The first limitation was the identification of study outcomes, based on probabilistic algorithms using health insurance claims data that have not been fully validated, which could lead to the misclassification of outcomes and comorbidities. Second, patients may have experienced complications or major events prior to the start of data availability, such as CVD, and comorbidities may have been underreported or misclassified. Third, a recorded diagnostic code on a medical claim may be inaccurate. Taking that into account, authors applied additional inclusion criteria to differentiate type 1 and type 2 diabetes by using a minimum onset age of 45 years, conjointly applied with insulin delivery or LTD, before which patients were assumed to have type 1 diabetes.
Finally, censoring patients at 1st occurrence of event prevented the prediction of multiple and recurrent complications. However, our sensitivity analyses showed robustness in predicting 2 or more events within one year, with slightly better performance than predicting a single event.

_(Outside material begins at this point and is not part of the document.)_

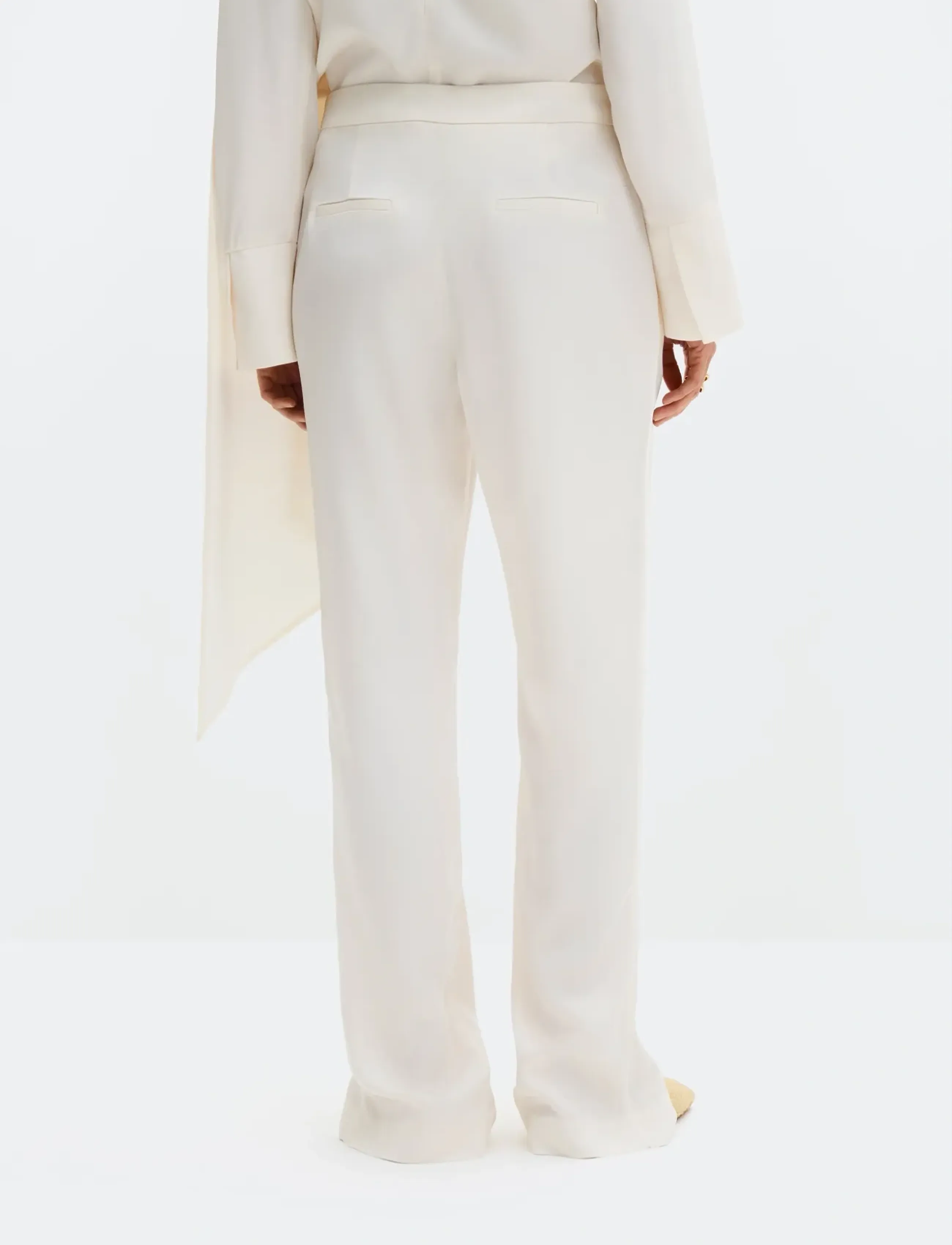 Malina - Lovisa Slits Detailed Pants - confirmation - vanilla - 2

Risk evaluation is essential to individualize therapy, and is encouraged by clinical practice guidelines for the management of risk factors. However, in practice, biological risk factors are not all systematically available and health professionals other than diabetologist may not be familiar with clinical models, which can limit their use in some cases. The use of routine prediction models from real-world claims database is to provide a transparent platform to communicate this risk to the patient and help all health professionals to make a quick and accurate assessment of their patients' risk and optimize their management care.
Medical claims databases are a valuable resource to develop prognostic models that have a strong potential to identify patients at high risk of acute complications within a certain time window (33, 34). Risks could be routinely assessed by the national health insurance, owner of the data, and communicate thereafter to patients, and primary care providers to personalize prevention.